Sebe Suresi’nde Cenab-ı Allah, 17’de; “Böylelikle nankörlük etmeleri dolayısıyla onları cezalandırdık. Biz (nimete) nankörlük edenden başkasını cezalandırır mıyız?” diyor Allah, 17. ayet. Yani şükretmeyen, Allah’a hamd etmeyen, Allah’ın verdiği nimetten hoşnut olmayan kişileri ben cezalandırırım diyor Allah. Nasıl yapıyor? Kıtlık yapıyor, ekonomik kriz meydana getiriyor. Ondan sonra betonları kazımaya başlıyorlar. Bak diyor ki Allah; “Böylelikle nankörlük etmeleri dolayısıyla”, 17; 7’ye dikkat. “... onları cezalandırdık. Biz (nimete) nankörlük edenden başkasını cezalandırır mıyız?” Dünyada geniş bir ekonomik kriz başladı. Ne zaman başladı? 2007 ve 2014’e kadar devam edecek dedim. IMF çıktı, resmi açıklamasında ne dedi?

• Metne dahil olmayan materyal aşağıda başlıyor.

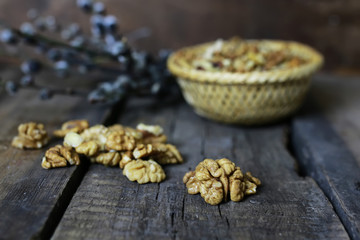 Fototapeta na wymiar peeled walnut on a wooden background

OKTAR BABUNA: 2014’te sona erecek dedi, hiçbir teknik gerekçe göstermeden.

ADNAN OKTAR: Bir buçuk yıl sonra, bak benim açıklamamdan bir buçuk yıl sonra söyleyebildi IMF.

OKTAR BABUNA: Ondan sonra CIA Eski Başkanı Graham Fuller söyledi. Sonra Türkiye’den de söyleyenler oldu, Merkez Bankası Eski Başkanı, 2014 diye.

ADNAN OKTAR: Adamlara soruyoruz, neye dayandırıyorsunuz diyoruz. Kaynak yok. Kaynak ben.

OKTAR BABUNA: Zaten böyle 5 sene sonrasını öngörmek gibi şeyleri hiç yok. Teknik olarak da imkanı yok.

ADNAN OKTAR: Bak “Kendileriyle, içlerinde bereketler kıldığımız memleketler arasında (biri diğerinden) görünebilen şehirler var ettik” yakın, birbirine yakın. Mesela şimdi ne burada, İstanbul’da ilçeler şehir gibi, nereden baksalar birbirini görüyorlar, yakın iç içe. “... ve orada yürüme (imkanlarını) takdir ettik” geniş caddeler, yollar var. Aynı zamanda İstanbul’a bakan bir ayet. "Oralarda geceleri ve gündüzleri güvenlik içinde gezip dolaşın" (dedik).” Polis kameraları var, bilmem ne var. Normal dünyaya göre güvenli. Her türlü imkan var, güvenlik imkanları var. Ama güvenlik demek ki insanlar için büyük bir nimet ki; Allah “güvenlik içinde gezip dolaşın” diyor.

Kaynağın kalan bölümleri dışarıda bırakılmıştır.